Craig outlines his thinking around the recent Rogare/Professor Adrian Sargeant review of relationship fundraising, why the donor journey needs a rethink, and the enormous challenge facing big charities in breaking down silos in order to put the needs of the donor first. Craig tweets @frdetective, and you can find his blog on the Rogare review here. The interview is available to download here.
Also, another (Fund) Raising Voices interviewee, Ken Burnett, blogged recently on the relationship fundraising phenomenon his 1992 book began, and why the subtitle is more important than the title. Ken’s blog is available here; he tweets @kenburnett1.
Marianne is Senior Consultant at Cornell University, and formerly worked at Carnegie Mellon and Harvard Universities.
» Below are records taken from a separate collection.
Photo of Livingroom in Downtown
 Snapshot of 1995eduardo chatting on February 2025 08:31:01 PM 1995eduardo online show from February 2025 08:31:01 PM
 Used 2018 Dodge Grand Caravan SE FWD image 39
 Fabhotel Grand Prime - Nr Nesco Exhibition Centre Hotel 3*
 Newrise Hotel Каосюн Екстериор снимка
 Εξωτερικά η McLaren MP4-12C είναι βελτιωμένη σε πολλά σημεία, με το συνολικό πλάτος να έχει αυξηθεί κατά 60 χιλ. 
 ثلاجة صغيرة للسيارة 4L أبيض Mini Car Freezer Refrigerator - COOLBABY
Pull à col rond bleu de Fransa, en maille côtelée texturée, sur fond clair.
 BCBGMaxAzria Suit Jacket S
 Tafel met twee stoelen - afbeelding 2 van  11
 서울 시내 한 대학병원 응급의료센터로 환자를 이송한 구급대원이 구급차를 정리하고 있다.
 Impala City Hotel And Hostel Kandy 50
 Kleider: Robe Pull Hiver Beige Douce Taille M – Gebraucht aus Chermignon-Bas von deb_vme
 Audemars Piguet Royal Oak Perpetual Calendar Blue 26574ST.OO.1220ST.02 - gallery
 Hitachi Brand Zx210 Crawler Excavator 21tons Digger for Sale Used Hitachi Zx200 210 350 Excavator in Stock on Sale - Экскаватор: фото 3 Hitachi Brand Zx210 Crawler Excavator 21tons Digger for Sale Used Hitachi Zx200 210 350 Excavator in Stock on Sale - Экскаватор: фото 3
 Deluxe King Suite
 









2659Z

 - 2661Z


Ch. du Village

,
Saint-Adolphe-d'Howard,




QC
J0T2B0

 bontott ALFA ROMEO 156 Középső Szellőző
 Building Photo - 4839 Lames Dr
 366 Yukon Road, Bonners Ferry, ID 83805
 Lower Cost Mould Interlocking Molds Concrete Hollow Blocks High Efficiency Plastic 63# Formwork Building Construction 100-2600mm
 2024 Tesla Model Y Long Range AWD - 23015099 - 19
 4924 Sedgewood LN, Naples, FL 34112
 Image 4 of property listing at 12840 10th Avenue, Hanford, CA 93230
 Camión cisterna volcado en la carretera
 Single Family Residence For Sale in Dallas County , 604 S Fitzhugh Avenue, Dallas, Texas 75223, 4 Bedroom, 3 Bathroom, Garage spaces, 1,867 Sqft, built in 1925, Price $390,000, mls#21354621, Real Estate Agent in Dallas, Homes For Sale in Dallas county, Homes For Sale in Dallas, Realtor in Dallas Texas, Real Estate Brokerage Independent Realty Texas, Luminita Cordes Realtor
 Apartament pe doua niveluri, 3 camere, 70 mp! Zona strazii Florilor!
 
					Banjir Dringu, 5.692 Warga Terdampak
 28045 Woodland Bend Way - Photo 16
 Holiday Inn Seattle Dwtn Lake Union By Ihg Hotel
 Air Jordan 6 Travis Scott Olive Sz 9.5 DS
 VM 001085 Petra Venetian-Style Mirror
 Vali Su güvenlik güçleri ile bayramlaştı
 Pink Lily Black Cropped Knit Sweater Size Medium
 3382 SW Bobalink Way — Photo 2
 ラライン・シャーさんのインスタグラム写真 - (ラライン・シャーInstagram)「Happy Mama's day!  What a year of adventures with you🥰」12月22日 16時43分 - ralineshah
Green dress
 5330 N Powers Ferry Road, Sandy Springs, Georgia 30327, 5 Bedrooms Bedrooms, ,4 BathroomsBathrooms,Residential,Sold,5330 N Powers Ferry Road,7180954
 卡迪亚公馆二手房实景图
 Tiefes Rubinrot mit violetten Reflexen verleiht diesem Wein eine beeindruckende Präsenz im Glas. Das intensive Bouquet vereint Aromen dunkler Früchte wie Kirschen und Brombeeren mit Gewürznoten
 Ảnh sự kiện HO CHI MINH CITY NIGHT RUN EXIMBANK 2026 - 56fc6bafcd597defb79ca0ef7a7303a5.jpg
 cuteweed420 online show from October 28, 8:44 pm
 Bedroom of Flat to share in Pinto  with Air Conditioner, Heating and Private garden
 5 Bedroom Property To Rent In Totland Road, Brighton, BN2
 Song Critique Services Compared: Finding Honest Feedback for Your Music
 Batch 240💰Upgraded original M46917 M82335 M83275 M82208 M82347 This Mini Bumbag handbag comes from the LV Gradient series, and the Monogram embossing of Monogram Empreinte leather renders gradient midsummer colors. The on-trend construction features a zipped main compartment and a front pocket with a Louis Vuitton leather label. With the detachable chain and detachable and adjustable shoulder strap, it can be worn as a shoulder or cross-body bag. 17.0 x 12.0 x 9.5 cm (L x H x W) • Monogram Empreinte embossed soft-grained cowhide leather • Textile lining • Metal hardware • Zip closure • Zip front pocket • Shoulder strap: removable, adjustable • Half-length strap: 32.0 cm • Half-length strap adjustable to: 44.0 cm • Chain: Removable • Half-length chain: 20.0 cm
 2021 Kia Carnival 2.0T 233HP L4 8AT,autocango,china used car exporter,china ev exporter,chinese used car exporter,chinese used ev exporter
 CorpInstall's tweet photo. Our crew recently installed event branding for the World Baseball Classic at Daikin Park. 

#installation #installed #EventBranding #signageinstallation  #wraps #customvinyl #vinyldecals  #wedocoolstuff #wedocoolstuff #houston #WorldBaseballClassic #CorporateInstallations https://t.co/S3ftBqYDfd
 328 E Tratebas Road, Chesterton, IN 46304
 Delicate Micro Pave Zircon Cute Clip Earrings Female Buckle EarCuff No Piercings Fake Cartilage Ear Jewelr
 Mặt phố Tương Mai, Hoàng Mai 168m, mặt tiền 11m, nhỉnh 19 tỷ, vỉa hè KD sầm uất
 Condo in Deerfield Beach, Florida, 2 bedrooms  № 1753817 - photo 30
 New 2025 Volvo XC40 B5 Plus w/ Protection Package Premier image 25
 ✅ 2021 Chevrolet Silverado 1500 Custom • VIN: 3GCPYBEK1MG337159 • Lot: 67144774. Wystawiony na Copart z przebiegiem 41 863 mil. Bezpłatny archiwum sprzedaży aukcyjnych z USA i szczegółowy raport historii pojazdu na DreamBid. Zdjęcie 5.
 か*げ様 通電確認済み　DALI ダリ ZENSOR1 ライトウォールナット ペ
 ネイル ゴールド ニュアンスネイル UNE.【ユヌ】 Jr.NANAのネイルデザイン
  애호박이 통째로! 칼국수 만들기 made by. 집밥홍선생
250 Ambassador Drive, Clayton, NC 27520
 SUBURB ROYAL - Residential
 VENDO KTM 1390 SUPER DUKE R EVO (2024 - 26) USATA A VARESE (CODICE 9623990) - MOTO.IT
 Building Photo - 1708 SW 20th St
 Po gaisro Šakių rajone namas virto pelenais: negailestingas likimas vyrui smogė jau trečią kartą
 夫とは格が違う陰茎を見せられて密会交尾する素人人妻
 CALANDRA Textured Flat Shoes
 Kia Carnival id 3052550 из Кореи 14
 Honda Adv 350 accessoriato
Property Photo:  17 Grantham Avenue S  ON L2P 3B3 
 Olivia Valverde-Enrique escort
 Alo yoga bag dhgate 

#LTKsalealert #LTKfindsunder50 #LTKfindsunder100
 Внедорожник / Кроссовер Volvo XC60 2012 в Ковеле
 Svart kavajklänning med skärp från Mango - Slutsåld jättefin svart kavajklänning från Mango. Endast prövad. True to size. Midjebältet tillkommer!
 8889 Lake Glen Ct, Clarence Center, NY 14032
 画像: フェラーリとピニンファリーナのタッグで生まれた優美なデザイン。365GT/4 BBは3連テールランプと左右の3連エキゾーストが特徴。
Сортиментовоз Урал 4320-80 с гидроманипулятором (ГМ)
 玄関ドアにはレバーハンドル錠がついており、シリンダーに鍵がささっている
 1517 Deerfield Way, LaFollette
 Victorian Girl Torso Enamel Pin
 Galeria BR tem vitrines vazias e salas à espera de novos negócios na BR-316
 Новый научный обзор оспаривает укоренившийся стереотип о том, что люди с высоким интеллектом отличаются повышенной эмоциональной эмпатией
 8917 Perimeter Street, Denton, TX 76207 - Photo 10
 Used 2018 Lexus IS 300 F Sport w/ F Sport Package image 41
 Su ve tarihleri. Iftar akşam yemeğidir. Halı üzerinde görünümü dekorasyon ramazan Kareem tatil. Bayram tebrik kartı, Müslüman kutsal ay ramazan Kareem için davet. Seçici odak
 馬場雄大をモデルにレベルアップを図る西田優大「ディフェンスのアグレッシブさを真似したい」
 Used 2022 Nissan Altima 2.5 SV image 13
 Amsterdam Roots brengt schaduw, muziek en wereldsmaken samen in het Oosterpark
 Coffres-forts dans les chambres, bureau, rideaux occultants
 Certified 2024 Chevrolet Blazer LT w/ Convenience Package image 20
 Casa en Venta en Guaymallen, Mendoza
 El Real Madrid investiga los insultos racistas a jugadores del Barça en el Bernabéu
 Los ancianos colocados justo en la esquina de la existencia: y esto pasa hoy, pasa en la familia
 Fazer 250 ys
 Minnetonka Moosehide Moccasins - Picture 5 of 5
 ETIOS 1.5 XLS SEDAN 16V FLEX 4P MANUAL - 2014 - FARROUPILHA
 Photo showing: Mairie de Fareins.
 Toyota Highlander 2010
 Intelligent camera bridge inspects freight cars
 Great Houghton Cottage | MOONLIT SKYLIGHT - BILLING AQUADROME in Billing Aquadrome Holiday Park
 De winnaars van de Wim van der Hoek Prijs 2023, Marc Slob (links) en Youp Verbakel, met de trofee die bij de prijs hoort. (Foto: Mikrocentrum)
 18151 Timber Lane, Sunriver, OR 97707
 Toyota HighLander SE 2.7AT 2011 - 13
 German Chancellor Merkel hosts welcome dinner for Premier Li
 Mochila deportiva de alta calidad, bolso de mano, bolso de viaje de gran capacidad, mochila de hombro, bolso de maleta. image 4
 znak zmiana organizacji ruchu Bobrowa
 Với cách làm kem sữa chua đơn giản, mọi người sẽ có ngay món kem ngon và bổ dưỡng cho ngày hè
She is a leader in advancement services, donor modelling and data mining and understanding donor engagement, speaking regularly at conferences and seminars on these subjects. She tweets at @mpellet771.
A few points from the interview:
The use of insight can have powerful effects, increasing income and allowing not-for-profits to build stronger supporter relationships. In the UK, prospect research has traditionally involved less quantitative or statistical methods. However, ‘prospect research’ is different in the US, where it is largely data-driven.
Wealth screening: we all know it and use it. And yet, even vendors admit that their information only covers around half of the millionaires in the population (and that total is probably an underestimate). So, here will be a significant portion of the HNWI population whom charities are not aware of, sitting on their databases. If not-for-profits modelled and analysed the level of wealth in more detail, they would almost certainly raise more form these groups.
Social media is coming to the fore in gaining valuable, ‘soft’ information on supporter preferences and interests. Marianne’s team includes a full-time person scraping information from the web (and hand-connecting this to relevant supporter records), including network information, which is mapped in NodeXL. Text analytics is also in vogue.
The web has fundamentally changed customer care, and Marianne describes some of the key ways in which this has happened. First, Amazon “spoiled it for us” by raising the bar for the level of customer service users now regularly expect. Next day delivery, automated, ‘you might like’ suggestions, and hugely responsive customer service are now all par for the course, whereas before they were considered exceptional. Charities must keep up with these developments or be left behind.
There is lots more in the interview — I hope you enjoy it.
Charlie is CEO of DonorVoice UK, who work with not-for-profits to reduce rates of donor attrition and in building supporter relationships. He tweets at @charlieartful.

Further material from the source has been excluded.